In learning a programming language the aim is to read, write and execute programs. A programmer should understand the organisation and the operation of the program, and be able to predict and test its input-output behaviour, to know, for example, if the program computes a specified function. After gaining fluency in one or more programming languages it is both natural and necessary to reflect on the components that make up the languages and enquire about their individual roles and properties. A multitude of questions can be formulated about the capabilities and shortcomings of a language and its relation with other languages. For example, How is this programming language specified? and Is this language more powerful than that? To awaken the reader's curiosity, we will ask many questions like these shortly, in Section 1.2. To understand something of the nature and essential elements of programming languages, we will look at their overall structure and separate components rather abstractly and analytically, and answer some of these questions.

Now, this analysis, comparison and classification of language components requires a large scale scientific investigation. The investigation is organised as the study of three aspects of programs:

Data: the information to be transformed by the program
Syntax: the text of the program
Semantics: the behaviour of the program

To create a theory of programming languages we need to discover fundamental concepts, methods and results that can reveal the essential structure of programming languages, and can answer our questions.

In this first chapter we will simply prepare our minds for theoretical investigations. We will explore the scientific view of programming languages (Section 1.1) raise plenty of questions about programming languages for which we need answers (Section 1.2), and look at some raw material for modelling programming languages (Section 1.3).
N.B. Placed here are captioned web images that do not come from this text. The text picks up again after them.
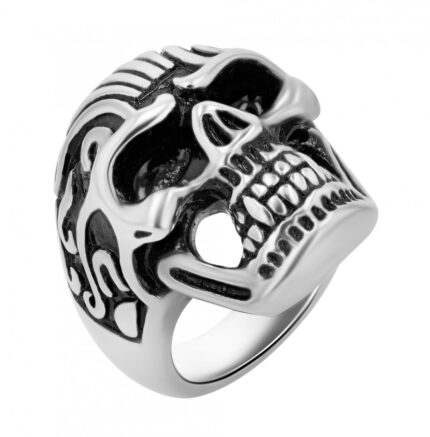 Akzent Herrenring "Skullstorm", Edelstahl, Totenkopf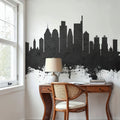 Philadelphia Skyline Black & White Mural Wallpaper - room preview 03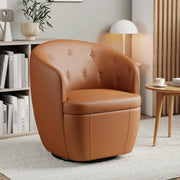 Claude Tufted Genuine Leather Classic Swivel Barrel Chair 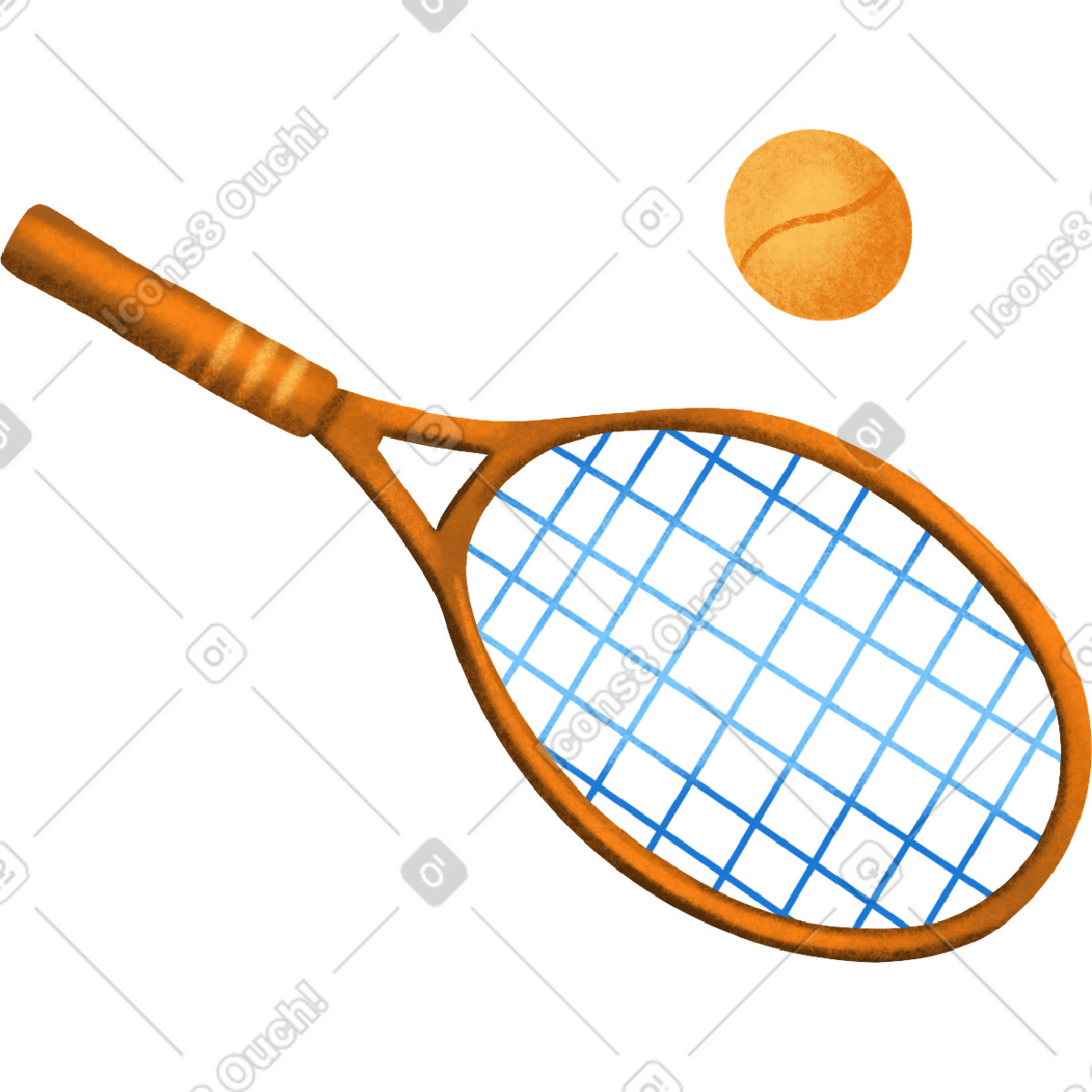 Tennis racket and ball illustration in Gleam style download in PNG, SVG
We will focus on the theory of programming in the small and have only occasional encounters with programming in the large. Measured against the state of contemporary language technology, our scientific goal seems modest indeed:

To understand the general principles, structure and operation of imperative programs that compute functions on any kind of data.

Yet attaining this goal will bring rich rewards.

1.1 Science and the aims of modelling programming languages

Computing systems are artificial. They are designed and developed by and for human use. They are superseded and are discarded, sometimes with uncomfortable speed. Some are publically managed and some are commercial products. However, the scientific study of computing systems is remarkably similar to the scientific study of physical systems which are God given and timeless. Roughly speaking, scientific studies have theoretical and practical objectives, pursue answers to definite questions, and require mathematical models and experimental methods.

Theoretical Computer Science develops mathematical models and theories for the design and analysis of

data;
specifications of computational problems with data;
algorithms for transforming data;
programs and programming languages for expressing algorithms;
systems and machine architectures for implementing programming languages.

Simply put, the subject is aimed towards the discovery and application of fundamental principles, models, methods and results, which are intended

to help understand the nature, scope and limits of computing systems;
to help software and hardware engineers make computing systems.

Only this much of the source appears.